▶ Task to complete
Find the line containing "Fauteuil pivotant et". Retype it and every later line of the records exactly, leaving out pictures.

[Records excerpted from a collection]
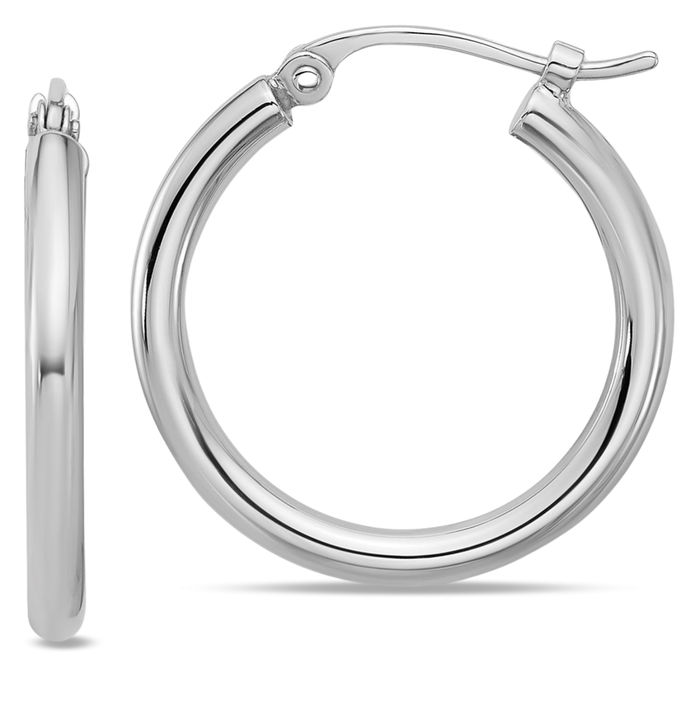 Platinum 2x18.5mm Round Hoop Earrings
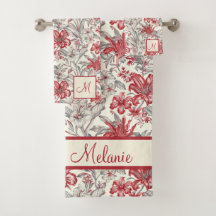 Toile de Jouy Deep Red och Grått Blommigt Lilies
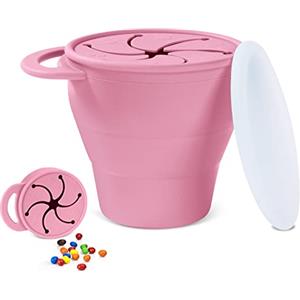 Vicloon Tazza per Spuntino, 350ML Contenitore Porta Snack in Silicone senza BPA, Feeding Cup con Maniglia, Contenitore Porta Snack per la Merenda Anti Rovesciamento con Copertura di Petali, Rosa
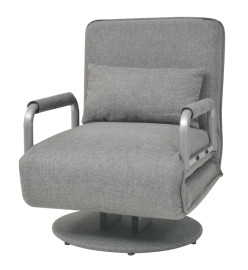 Fauteuil pivotant et canapé-lit Gris clair Tissu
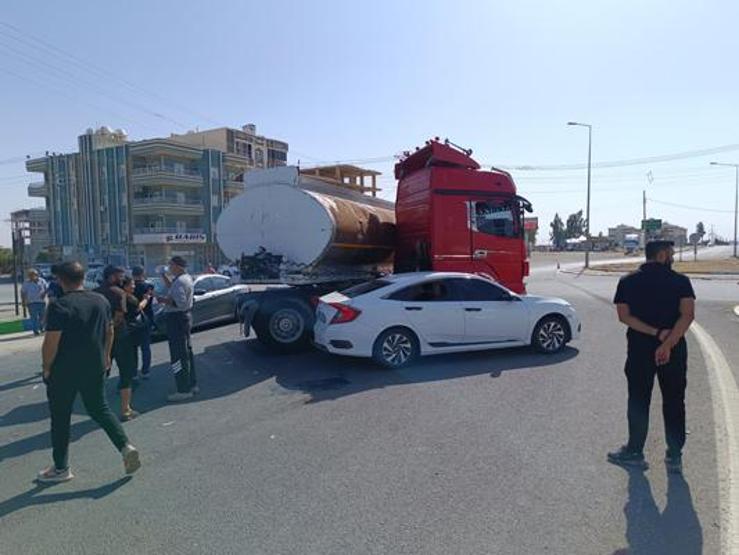Mardinde tanker ile otomobil çarpıştı: 6 yaralı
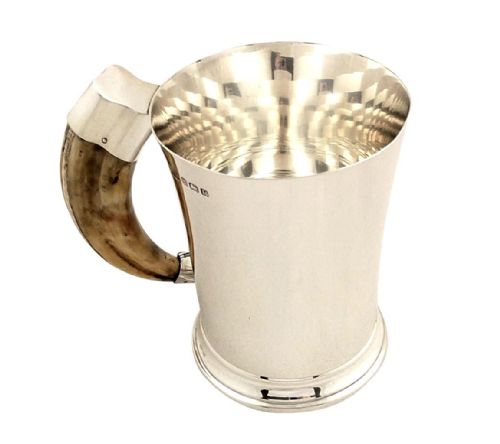 fig 1. Unusual Antique Sterling Silver Pint Mug/Tankard with Tusk Handle 1939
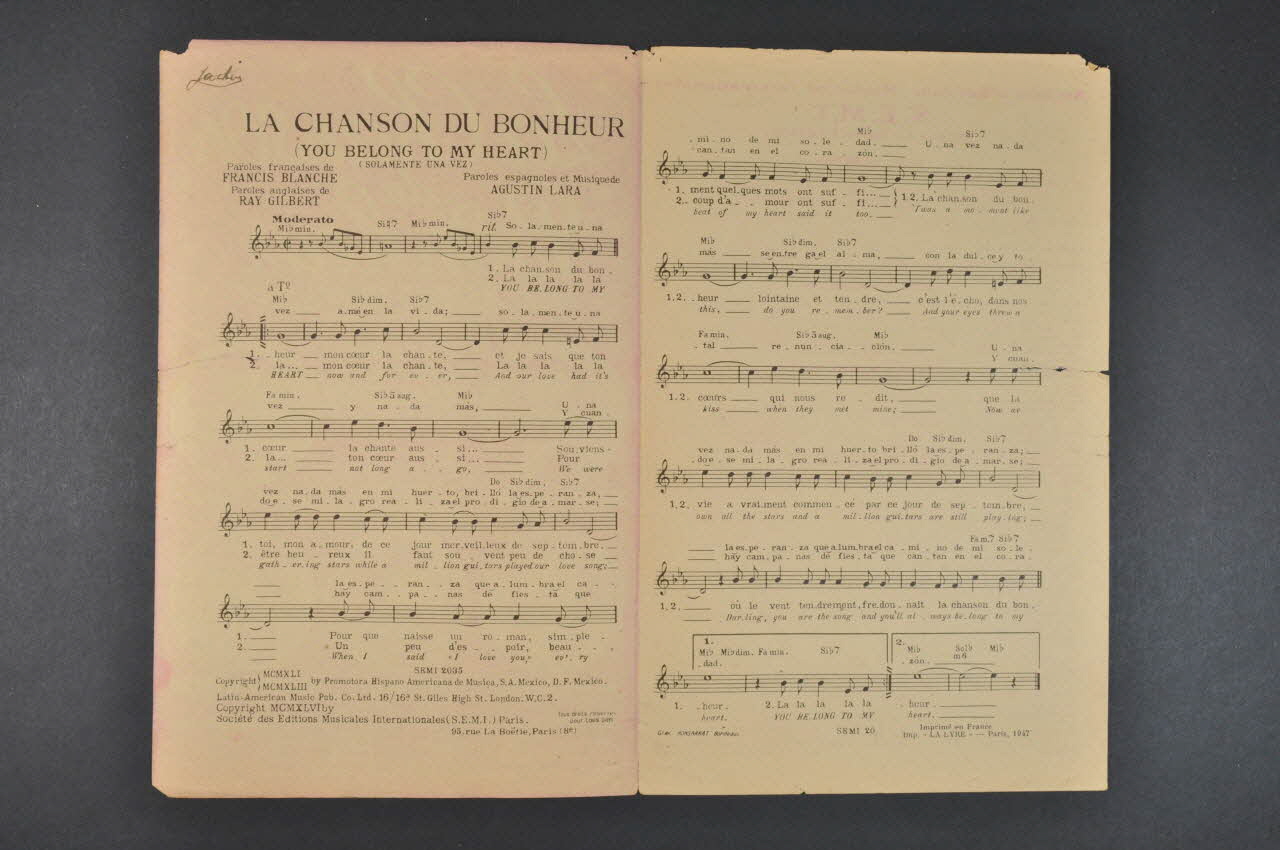 Agustin Lara ; Francis Blanche ; S.E.M.I; chanson petit format Île-de-France, France 1941 1965.159.43 Photo Mucem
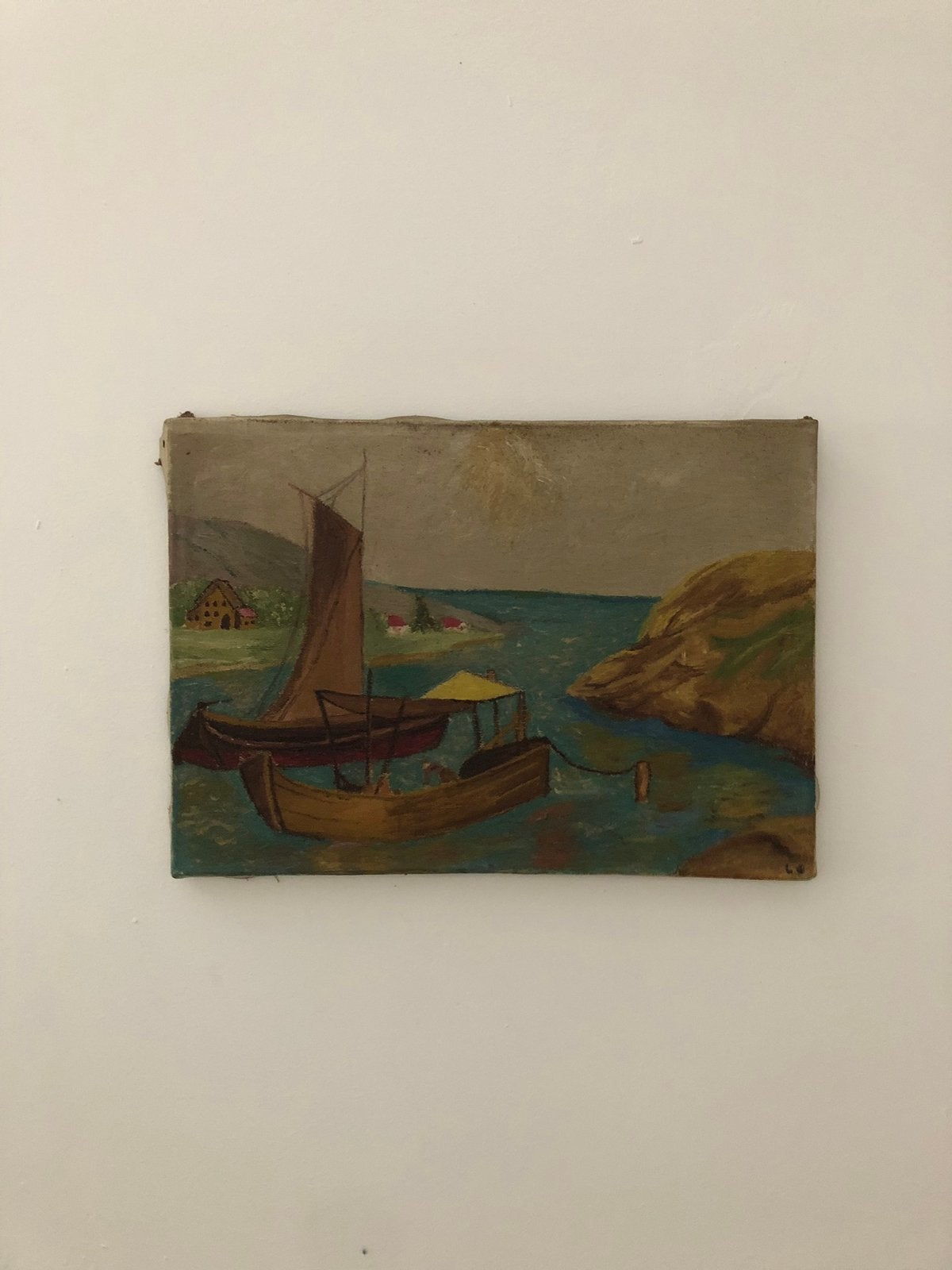KUNST SCHILDERIJ BOTEN ZEE OLIE CANVAS MOOI!, Enlèvement ou Envoi, Signé, Toile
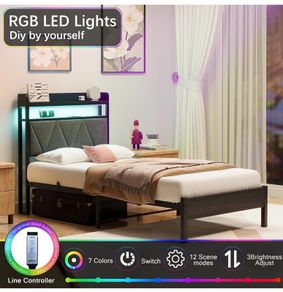 Single Bed Frames with 3ft Upholstered Wooden Two-shelf Storage Headboard, Charging Station,LED Lights,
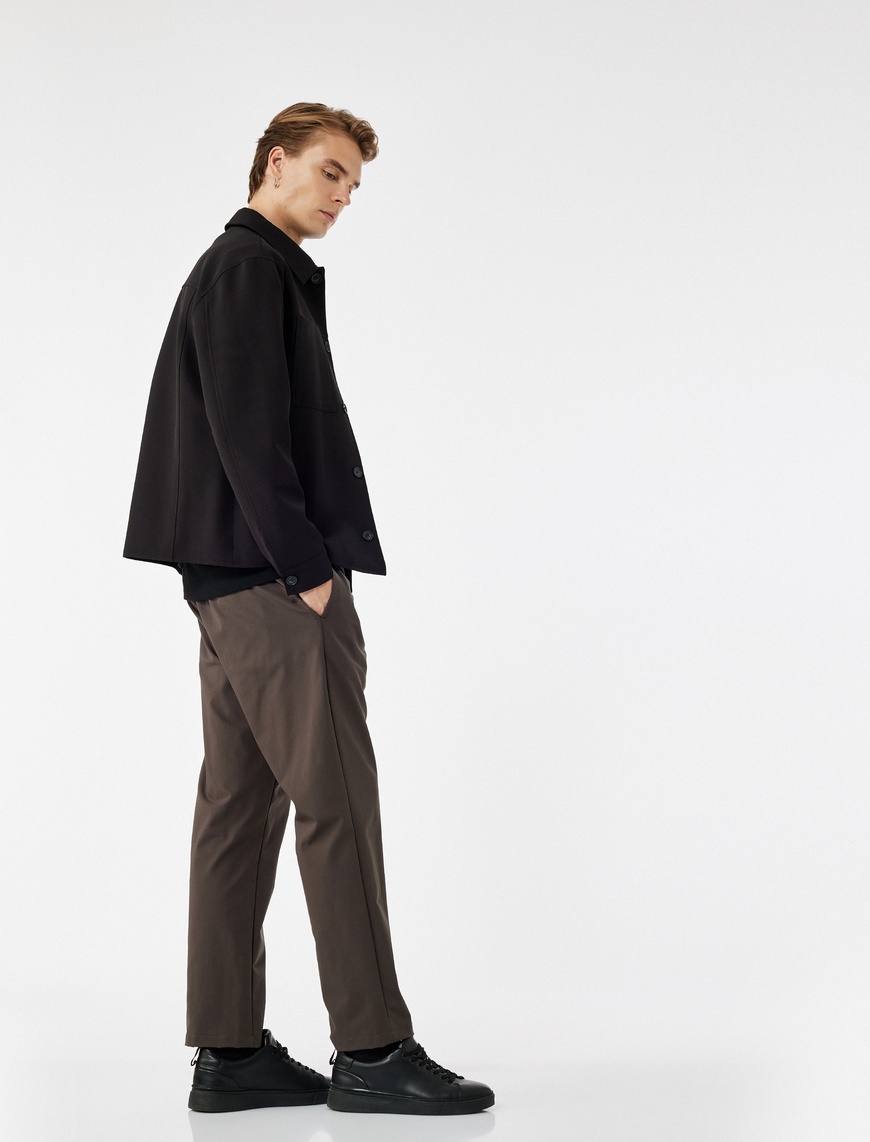   Beli Bağcıklı Düğmeli Duble Paça Ütü Gerektirmeyen Esnek Slim Fit Pantolon
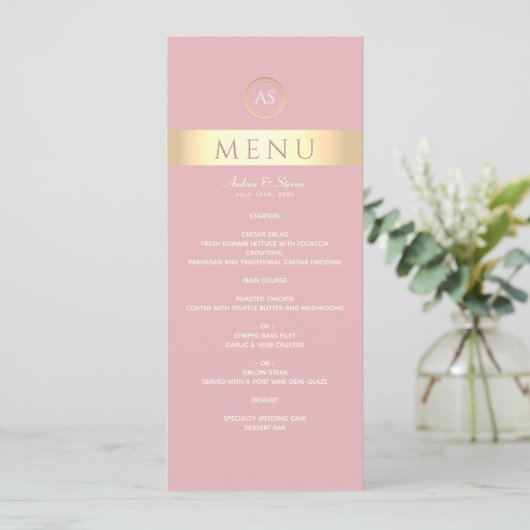 Modernes Dusty Rose Wedding Menu Menükarte (Stehend Vorderseite)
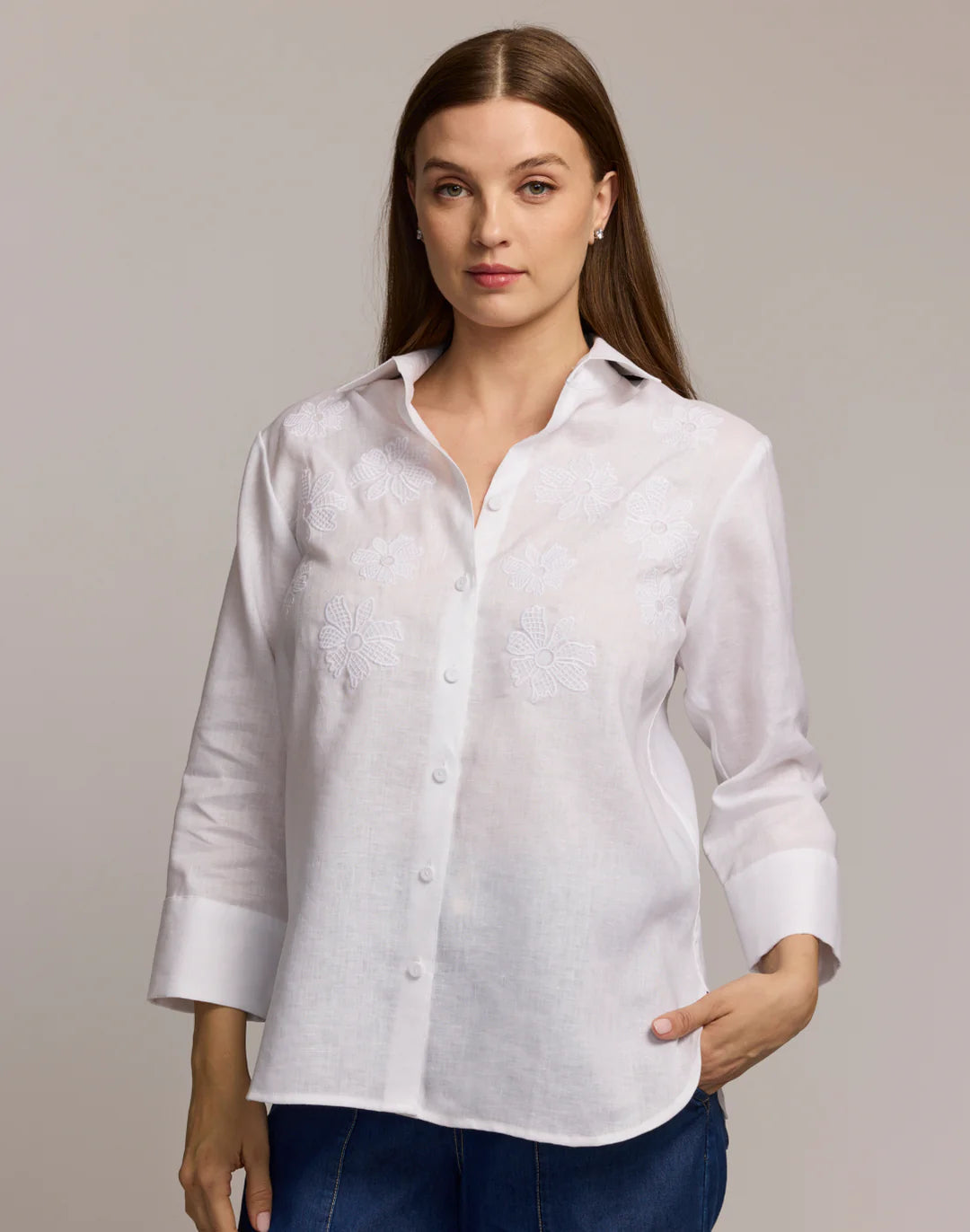 3/4 SLEEVE EMBROIDERED MARGOT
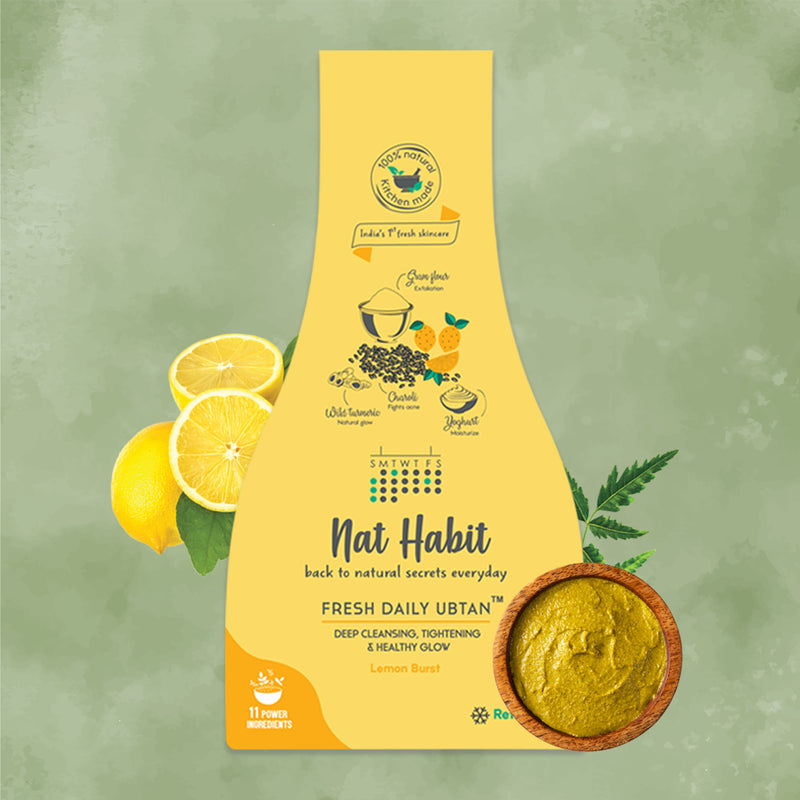 Nat Habit Lemon Burst Ubtan | Dry & Oily Skin | 40 g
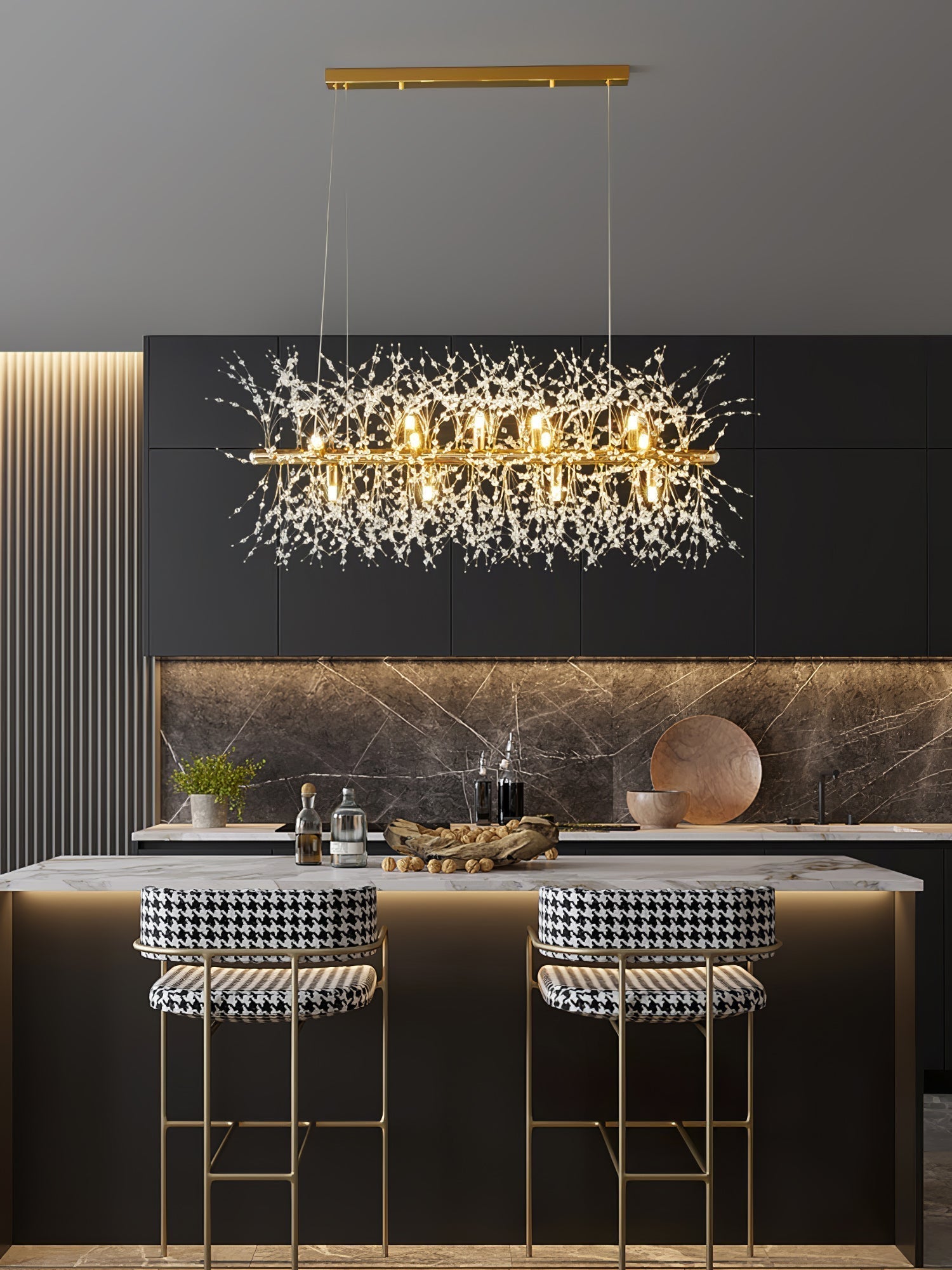 Lustra Lustre Laiton Linéaire Cristal Branche - Neutralighting
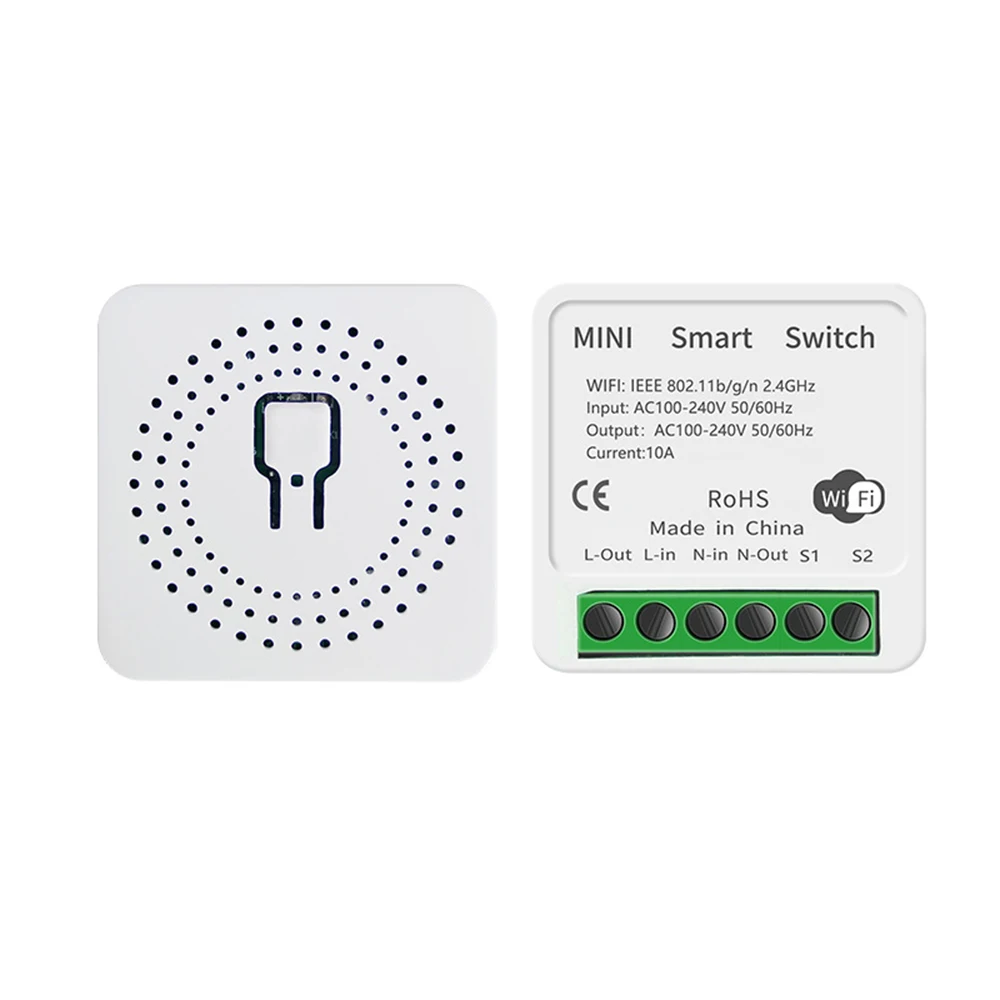 100-240V 16A Tuya Smart Home Mini DIY Wifi Schakelaar Relaismodule 2-weg Afstandsbediening Timmer Wandlichtschakelaar werk met Alieax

▶ Response to the exercise
 Fauteuil pivotant et canapé-lit Gris clair Tissu
Mardinde tanker ile otomobil çarpıştı: 6 yaralı
 fig 1. Unusual Antique Sterling Silver Pint Mug/Tankard with Tusk Handle 1939
 Agustin Lara ; Francis Blanche ; S.E.M.I; chanson petit format Île-de-France, France 1941 1965.159.43 Photo Mucem
KUNST SCHILDERIJ BOTEN ZEE OLIE CANVAS MOOI!, Enlèvement ou Envoi, Signé, Toile
 Single Bed Frames with 3ft Upholstered Wooden Two-shelf Storage Headboard, Charging Station,LED Lights,
   Beli Bağcıklı Düğmeli Duble Paça Ütü Gerektirmeyen Esnek Slim Fit Pantolon
 Modernes Dusty Rose Wedding Menu Menükarte (Stehend Vorderseite)
 3/4 SLEEVE EMBROIDERED MARGOT
 Nat Habit Lemon Burst Ubtan | Dry & Oily Skin | 40 g
 Lustra Lustre Laiton Linéaire Cristal Branche - Neutralighting
 100-240V 16A Tuya Smart Home Mini DIY Wifi Schakelaar Relaismodule 2-weg Afstandsbediening Timmer Wandlichtschakelaar werk met Alieax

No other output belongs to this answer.